Half-Baked
Remembering the Hostess Baseball Cards of the 1970s
By Dan Epstein | Contributing Writer
For American children of the 1970s, there were few treats more enticing or more popular than Hostess snack cakes, those prepackaged, creme-filled sugar bombs that were more chemically-enhanced than Mark McGwire and Sammy Sosa put together.
And if you were a baseball fan, the allure of Hostess Twinkies, Cupcakes, Ho Hos, Ding Dongs (also known as King Dons, depending on what part of the country you lived in) or Choco-Diles was never greater than during the five-year period from 1975 through 1979, when the company printed baseball cards on the bottom of their “Family Size” boxes.

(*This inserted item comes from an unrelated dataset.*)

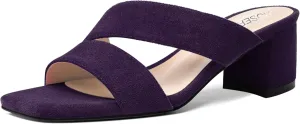 ROSERWISH Womens Wedding Fashion Slip On Suede Dress Open Toe Chunky Low Heel Heeled Sandals 2 Inch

Introduced during a period when Topps thoroughly dominated the baseball card market, Hostess baseball cards — much like the 3-D baseball cards that could be found at the time in specially-marked boxes of Kellogg’s cereal — were more of a fun bonus than any sort of substitute for the “Real One” that Topps produced.

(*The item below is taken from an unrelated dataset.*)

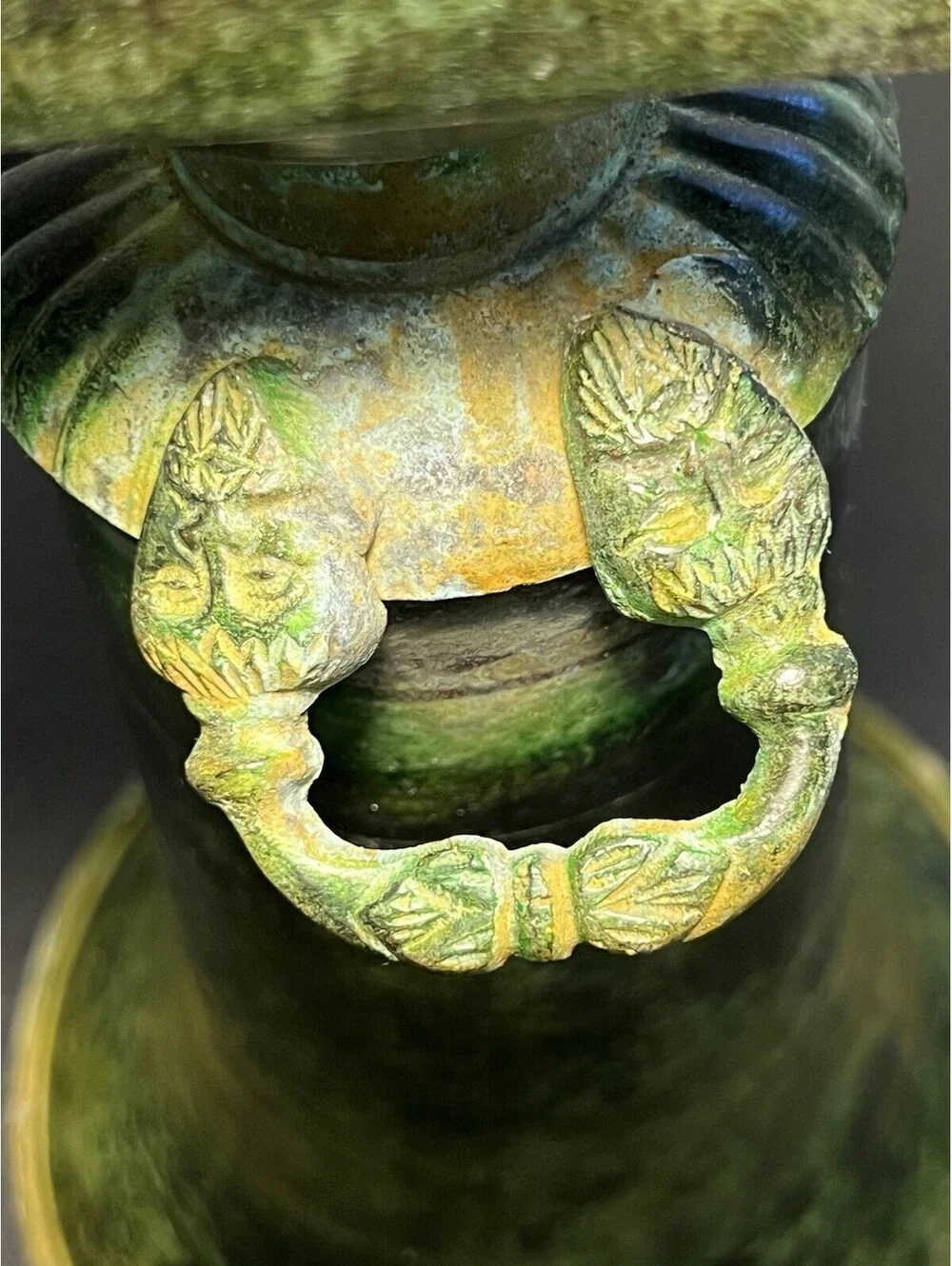 Blue Ridge Design 1980s Brass Enamel Verdigris Trumpet Urn Vase, 8x14”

Certainly, they were less economical to collect; a wax pack of 10 Topps cards was 15 cents in 1975, while a box of Twinkies with three cards on the bottom cost $1.19 (Of course, you’d also get 10 individually wrapped Twinkies, so that was cool…). Collecting an entire 1975 Hostess set would have run you nearly sixty bucks plus tax, or nearly $270.00 in today’s money, and would have put you at serious risk for diabetes.